Colpito da malore prima della partita, muore giovane tifoso stabiese

Il ragazzo aveva accusato un primo malore durante il viaggio, decidendo di continuare il viaggio per amore della squadra

di Nadia Napolitano 29 Novembre 2012 12:21

E’ tragedia tra i supporters della Juve Stabia: un tifoso delle ‘Vespe’ ha perso la vita a seguito di un malore, che lo ha colpito all’altezza dello Stadio Artemio Franchi, dove la squadra stabiese ha affrontato la Fiorentina di Montella nella gara valida per i sedicesimi di finale di Coppa Italia.

Agostino Di Somma (31) era arrivato a Firenze a bordo di un bus carico di emozioni e aspettative, in compagnia di un’altra centinaia di tifosi. Vittima di un primo malessere nei pressi di un’area di servizio in provincia di Perugia, il giovane aveva deciso di continuare il viaggio per amore della squadra.
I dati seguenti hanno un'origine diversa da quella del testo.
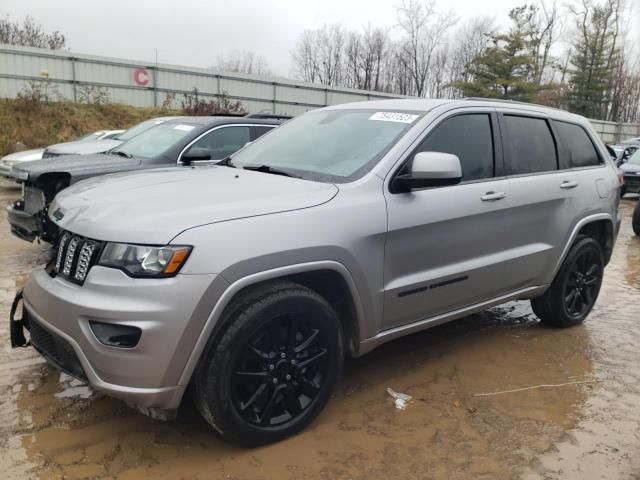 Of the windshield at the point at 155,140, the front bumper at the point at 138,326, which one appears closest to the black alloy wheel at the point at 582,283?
the front bumper at the point at 138,326

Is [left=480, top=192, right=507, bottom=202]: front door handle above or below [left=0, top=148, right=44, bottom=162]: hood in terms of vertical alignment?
above

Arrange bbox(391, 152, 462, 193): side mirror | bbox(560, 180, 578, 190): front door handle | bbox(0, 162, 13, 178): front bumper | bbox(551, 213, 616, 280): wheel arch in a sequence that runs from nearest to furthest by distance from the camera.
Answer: bbox(391, 152, 462, 193): side mirror
bbox(560, 180, 578, 190): front door handle
bbox(551, 213, 616, 280): wheel arch
bbox(0, 162, 13, 178): front bumper

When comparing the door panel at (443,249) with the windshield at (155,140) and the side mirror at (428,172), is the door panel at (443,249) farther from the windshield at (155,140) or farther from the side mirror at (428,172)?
the windshield at (155,140)

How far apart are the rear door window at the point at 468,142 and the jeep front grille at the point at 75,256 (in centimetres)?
204

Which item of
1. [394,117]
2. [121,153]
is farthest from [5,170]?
[394,117]

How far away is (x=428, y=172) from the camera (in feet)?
10.1

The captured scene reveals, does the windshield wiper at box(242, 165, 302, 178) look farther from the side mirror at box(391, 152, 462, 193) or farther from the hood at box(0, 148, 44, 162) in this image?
the hood at box(0, 148, 44, 162)

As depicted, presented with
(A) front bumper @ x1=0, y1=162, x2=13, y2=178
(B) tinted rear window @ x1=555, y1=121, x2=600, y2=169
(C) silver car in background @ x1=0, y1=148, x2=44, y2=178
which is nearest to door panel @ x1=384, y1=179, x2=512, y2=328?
(B) tinted rear window @ x1=555, y1=121, x2=600, y2=169

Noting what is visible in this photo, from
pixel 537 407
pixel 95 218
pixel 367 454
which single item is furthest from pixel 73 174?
pixel 537 407

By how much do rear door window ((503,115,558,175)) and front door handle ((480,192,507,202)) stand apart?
27cm

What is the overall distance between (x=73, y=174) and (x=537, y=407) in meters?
4.70

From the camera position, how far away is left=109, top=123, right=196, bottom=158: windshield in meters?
6.62

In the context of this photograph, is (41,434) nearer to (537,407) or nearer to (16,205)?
(537,407)

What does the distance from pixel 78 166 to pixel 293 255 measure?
4.03 metres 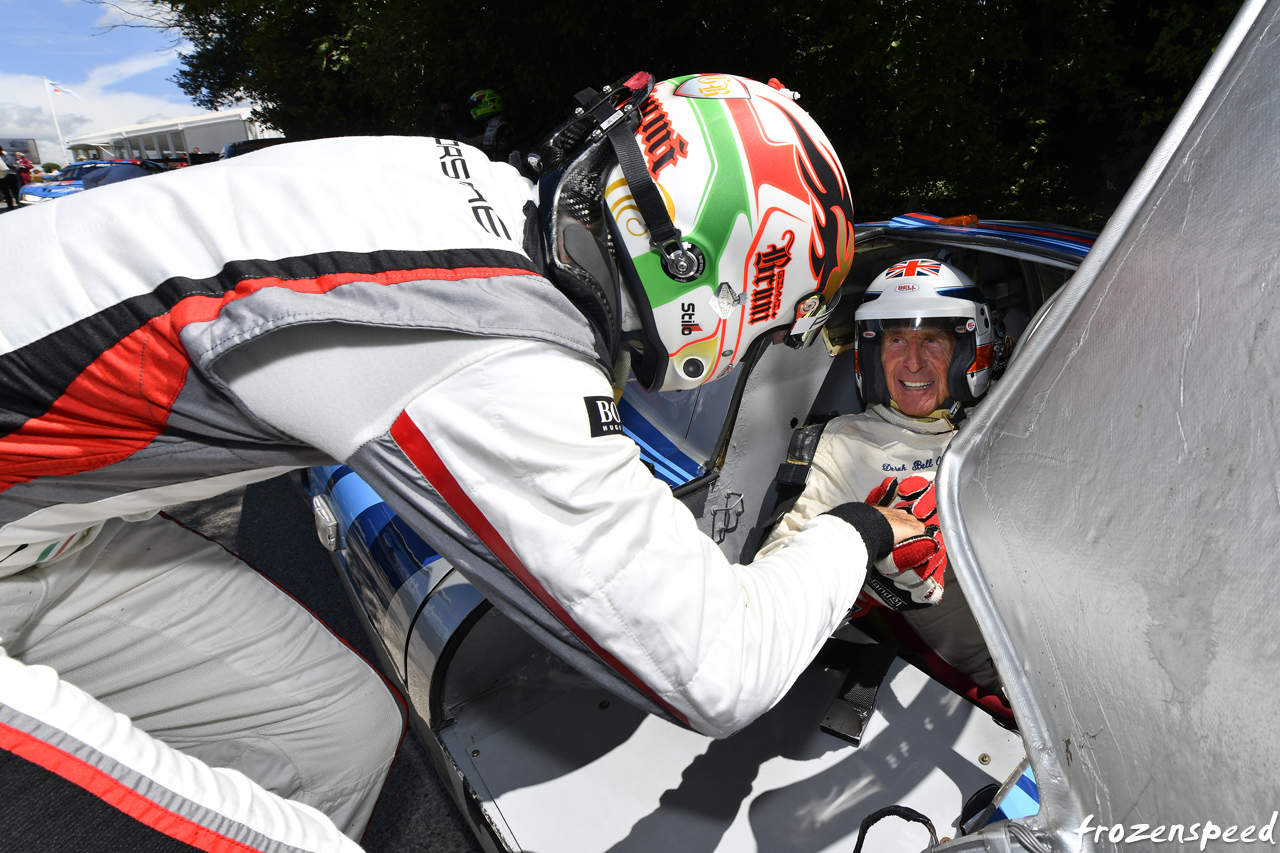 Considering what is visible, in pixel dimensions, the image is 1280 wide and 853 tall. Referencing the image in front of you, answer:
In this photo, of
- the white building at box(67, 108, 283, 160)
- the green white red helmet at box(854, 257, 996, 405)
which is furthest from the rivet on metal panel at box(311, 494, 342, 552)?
the white building at box(67, 108, 283, 160)

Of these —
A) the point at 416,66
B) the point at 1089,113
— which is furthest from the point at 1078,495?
the point at 416,66

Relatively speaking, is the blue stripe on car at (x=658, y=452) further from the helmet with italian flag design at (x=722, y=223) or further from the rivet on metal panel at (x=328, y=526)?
the rivet on metal panel at (x=328, y=526)

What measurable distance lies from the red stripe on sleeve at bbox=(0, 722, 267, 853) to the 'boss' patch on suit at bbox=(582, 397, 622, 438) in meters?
0.67

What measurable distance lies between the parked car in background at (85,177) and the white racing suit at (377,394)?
9.37 m

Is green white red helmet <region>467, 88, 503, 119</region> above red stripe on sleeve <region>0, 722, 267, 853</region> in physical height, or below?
above

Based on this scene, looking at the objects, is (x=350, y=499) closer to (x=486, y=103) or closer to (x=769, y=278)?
(x=769, y=278)

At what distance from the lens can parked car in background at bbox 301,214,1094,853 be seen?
1.33 meters

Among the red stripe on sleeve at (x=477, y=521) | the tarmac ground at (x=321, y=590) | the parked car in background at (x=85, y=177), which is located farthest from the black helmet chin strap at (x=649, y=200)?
the parked car in background at (x=85, y=177)

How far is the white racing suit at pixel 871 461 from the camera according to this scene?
194cm

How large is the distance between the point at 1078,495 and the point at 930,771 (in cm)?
92

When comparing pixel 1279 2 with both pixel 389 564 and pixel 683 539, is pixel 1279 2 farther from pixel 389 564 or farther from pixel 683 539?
pixel 389 564

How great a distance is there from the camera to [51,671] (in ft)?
2.87

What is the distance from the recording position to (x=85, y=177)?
10234 millimetres

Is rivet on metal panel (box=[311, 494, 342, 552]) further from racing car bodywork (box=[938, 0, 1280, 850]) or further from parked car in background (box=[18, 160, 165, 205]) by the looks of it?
parked car in background (box=[18, 160, 165, 205]) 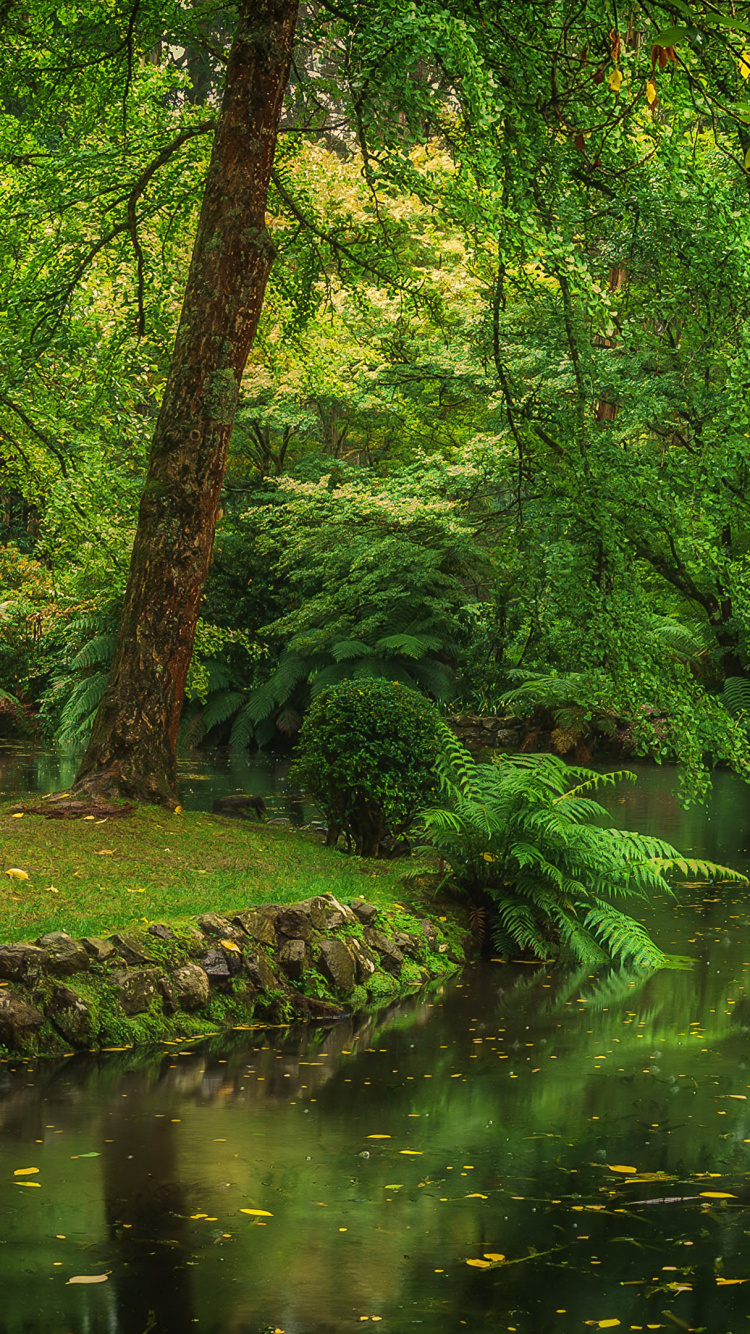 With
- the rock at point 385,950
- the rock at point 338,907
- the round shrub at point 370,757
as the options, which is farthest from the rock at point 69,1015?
the round shrub at point 370,757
Quando il bus era quasi giunto a destinazione, Di Somma iniziava ad accusare un nuovo malore, questa volta più infame. Il pronto soccorso, tempestivamente intervenuto sul posto, aveva trasportato d’urgenza la vittima all’ospedale di Santa Maria Nuova, dove perdeva la vita in seguito ad un arresto cardiaco. Le manovre di rianimazione del personale sanitario nulla hanno potuto contro il male devastante.

Padre di una bambina di due mesi, l’uomo lavorava presso un supermercato della periferia di Castellammare. La moglie Rossella, ancora incredula e profondamente addolorata, non riesce a darsi pace per quanto accaduto all’amato. Ai funerali saranno presenti centinaia di persone a tributargli l’ultimo saluto, insieme ad una delegazione della società.
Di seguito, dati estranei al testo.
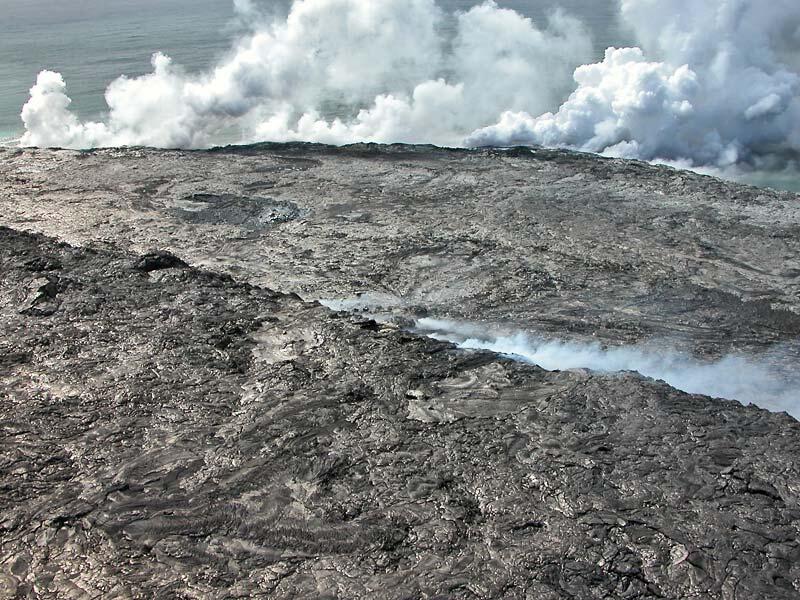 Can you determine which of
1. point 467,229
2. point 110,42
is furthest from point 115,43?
point 467,229

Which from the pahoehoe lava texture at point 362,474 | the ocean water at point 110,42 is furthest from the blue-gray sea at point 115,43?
the pahoehoe lava texture at point 362,474

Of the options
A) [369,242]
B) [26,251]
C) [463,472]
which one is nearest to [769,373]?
[463,472]

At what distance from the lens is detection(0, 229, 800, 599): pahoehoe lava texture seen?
6.54 metres

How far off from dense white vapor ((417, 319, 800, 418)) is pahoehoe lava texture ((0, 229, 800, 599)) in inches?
79.2

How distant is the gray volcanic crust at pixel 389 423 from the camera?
21.8 feet

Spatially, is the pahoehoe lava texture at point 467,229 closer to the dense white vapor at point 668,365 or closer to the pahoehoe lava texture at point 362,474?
the dense white vapor at point 668,365

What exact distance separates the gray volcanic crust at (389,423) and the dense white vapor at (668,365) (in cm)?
49

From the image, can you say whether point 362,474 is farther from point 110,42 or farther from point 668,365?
point 110,42

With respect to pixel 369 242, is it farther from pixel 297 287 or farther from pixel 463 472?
pixel 463 472

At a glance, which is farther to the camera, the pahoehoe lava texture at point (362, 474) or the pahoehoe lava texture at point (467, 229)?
→ the pahoehoe lava texture at point (467, 229)

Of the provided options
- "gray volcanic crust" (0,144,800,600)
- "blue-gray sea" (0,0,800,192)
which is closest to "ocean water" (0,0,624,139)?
"blue-gray sea" (0,0,800,192)

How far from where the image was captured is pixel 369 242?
15.9 metres

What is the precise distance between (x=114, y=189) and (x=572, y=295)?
12.6m

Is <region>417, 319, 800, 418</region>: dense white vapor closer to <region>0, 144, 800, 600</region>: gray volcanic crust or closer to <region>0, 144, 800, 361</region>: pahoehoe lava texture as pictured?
<region>0, 144, 800, 361</region>: pahoehoe lava texture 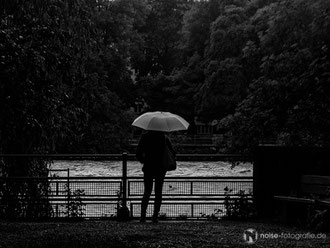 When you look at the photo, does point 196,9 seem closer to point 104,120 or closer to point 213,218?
point 104,120

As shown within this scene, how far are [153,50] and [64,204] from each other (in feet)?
192

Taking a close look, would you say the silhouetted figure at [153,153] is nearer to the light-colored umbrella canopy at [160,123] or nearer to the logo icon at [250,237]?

Una giornata dal gusto decisamente amaro per i sostenitori della squadra campana. Il ricordo del super tifoso, morto per amore, e la sconfitta per 2-0 per mano dei padroni di casa, pesano come un macigno. Non è dello stesso avviso il presidente Manniello, che ha definito quello di ieri ‘il punto più alto della storia gialloblù‘. Pienamente d’accordo con lui il tecnico Piero Braglia, che tesse le lodi dei suoi: “Abbiamo ben figurato, giocando 45′ intensi, di grande carattere. Poi loro hanno messo i big a centrocampo e allora non c’è più stata più partita. La Fiorentina ha dovuto soffrire per buttarci fuori. Si ricomincia da sabato, contro il Cittadella“.